“It’s concerning that it can do that when it shouldn’t be able to.”
Such was the insightful comment of one of my coworkers on learning that Artificial Intelligence systems can determine the race of a patient from his XRays, matching the patient’s self-reported race with 80-99% accuracy.
He wasn’t alone in thinking this. That is, emoting this; little to no rational thought was involved. Of the dozen people in the meeting, half or more spoke up, saying that the AI must have been trained wrong, that the race must have been encoded on the XRay, or it’s the quality of the XRay (with nonwhites of course being scanned by older equipment). Something.

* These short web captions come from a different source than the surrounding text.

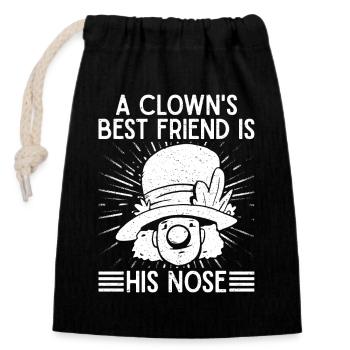 Circus Graphic Clown ́s Best Friend His Nose Gifts - Closable cotton gift bag (14x20cm) - black - Front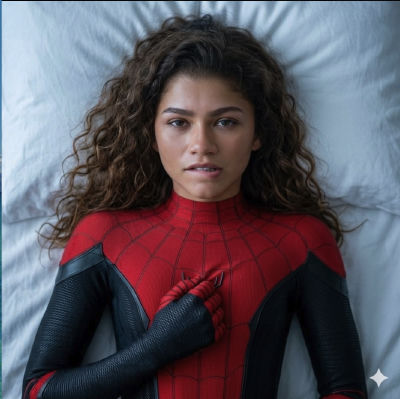 AI-generated image of Zendaya in a Spider-Man costume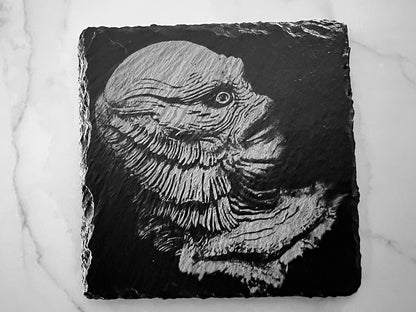Coaster Set - Classic Monsters Series #2 Engraved on Slate (Set of four) Creature from the Black Lagoon Invisible Man Mummy Phantom of the Opera Universal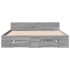Cama con cajones madera ingeniería gris Sonoma 160x200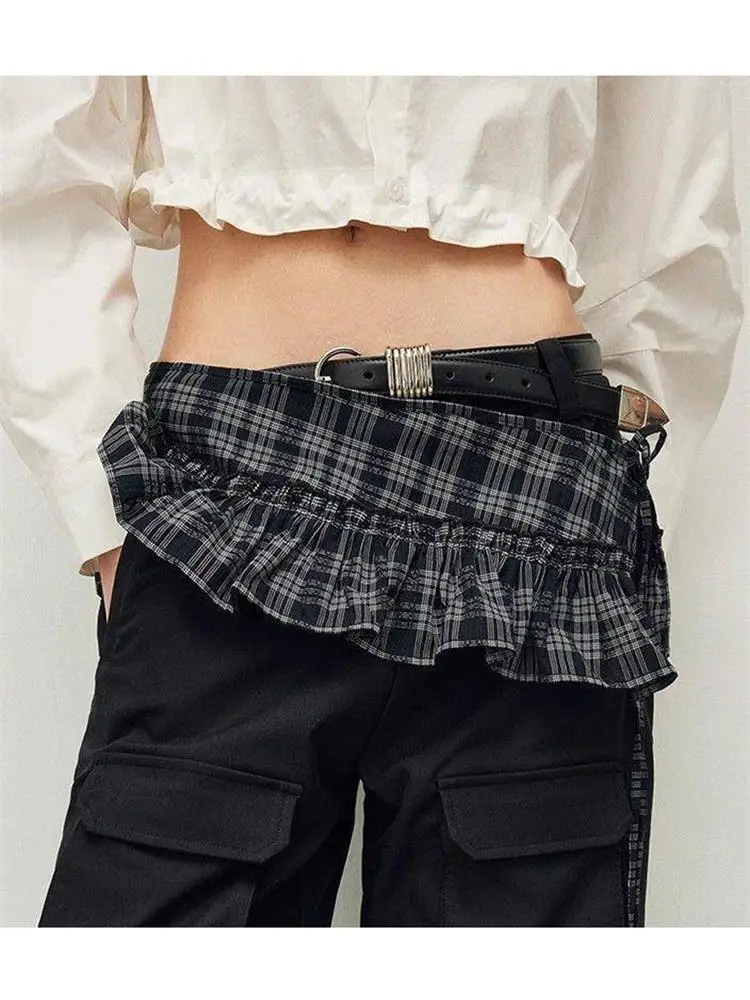 

Korean Artistic Preppy Plaid One-Piece Apron Women's Four-Season Faionable with Lace Hem A-Line Skirt High Waist Casual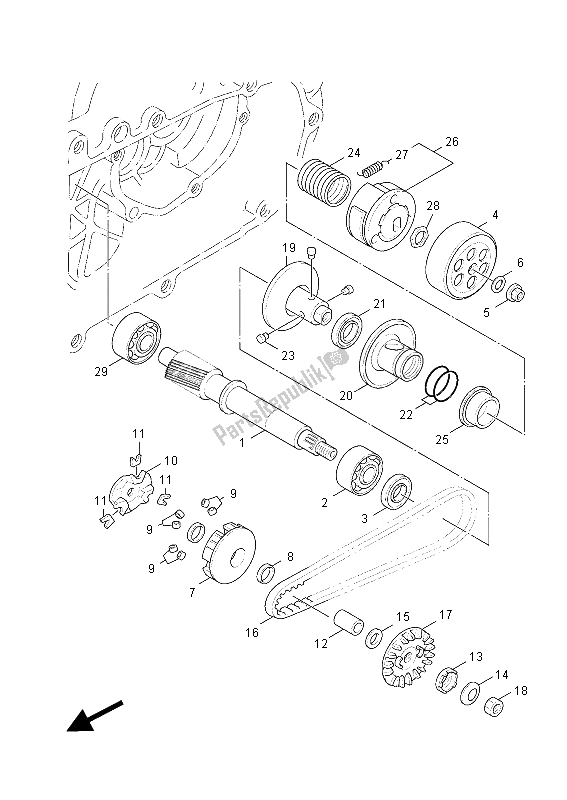 All parts for the Clutch of the Yamaha NXC 125 EA 2012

Not stated was that race doesn’t exist and is purely a social construct; that’s revealed truth to almost all of my coworkers and need not be spoken unless someone utters heresy.
“I know something is true and what I’m seeing doesn’t match what I know is true so what I’m seeing must not be true.” Or, to paraphrase Groucho Marx, “Who are you going to believe, your beliefs or your lying eyes?”

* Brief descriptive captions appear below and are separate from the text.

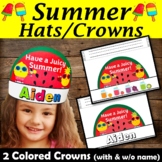 Watermelon Hat /Crown Editable Name, Summer Craft activity|Last day of School #3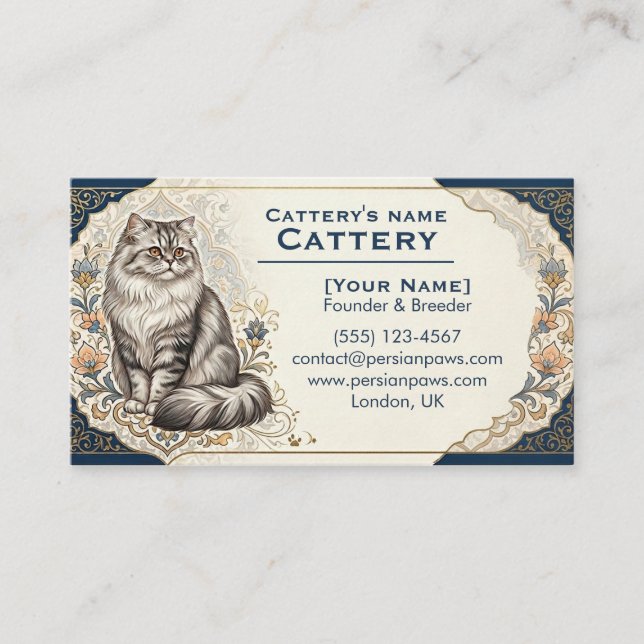Elegant Custom Persian Cat Cattery Business Card 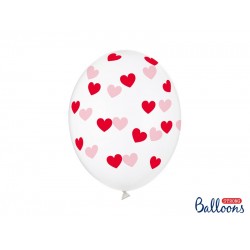 Pd Baloane Balloons 30cm, Hearts, Crystal Clear, Red 6/set Sb14c-228-099r-6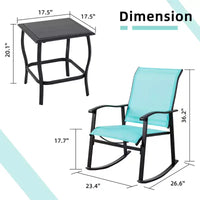 Ensemble Bistro d'extérieur 3 pièces Celebalcony, Chaises à bascule en tissu Textilene, Ensemble de conversation avec table pour jardin, balcon, bord de piscine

Most people will deny what their eyes are telling them. They’ll deny truth, reality, in favor of their beliefs. This of course applies to a lot more than an AI determining race “when it shouldn’t be able to”, but I’ll focus on AIs because that’s what came to my attention and because I know more than most about AI systems. (And to limit the amount of time spent in writing this; as usual I have many more things to do than time to do them.) (Proof of this: it’s taken me four months to get an uninterrupted hour to finish writing this essay.)
AIs have useful results in many fields, completely unrelated to one another. They’ve been trained to sift through mountains of noisy astronomical data to find exoplanets, a task largely beyond humans because the data is too great for our brains.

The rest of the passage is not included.